In modern times, women are financially independent and increasingly earning more income. Improved life expectancy, early retirement, break in the career to pursue personal goals; all contribute to the need of having a systematic financial plan. But, women tend to be more conservative in their approach towards financial well-being. Lack of confidence, financial illiteracy, age old male dominance and scantiness of time has led women to believe that they are inferior to the male counterparts.
5 Mistakes that Women Make When it comes to Money –
- Not Investing
According to Global Wage Report 2018-19 published by International Labor Organization (ILO), women are paid most unequally. On average, women are paid 34% less than men in India. While savings are less, the cost of living and the rate of inflation apply similarly to both. All the more, the life expectancy of women is higher as compared to men. This means women require a larger corpus to fund their retirement needs.

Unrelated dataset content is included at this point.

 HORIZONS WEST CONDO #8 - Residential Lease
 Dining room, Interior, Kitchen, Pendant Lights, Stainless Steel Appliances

Thus, being too conventional about investing not only eats into the returns but also has a more negative impact on the value of retirement corpus.
- No Active Participation
Although most of the women are money managers and budgeting experts at home, when it comes to investing, the onus on making financial decisions is put on their spouses, fathers or relatives. In majority of the cases, women have no knowledge of the investments made by their counterparts on behalf of them and are left clueless after the passing of any unfortunate events (divorce, untimely death, etc).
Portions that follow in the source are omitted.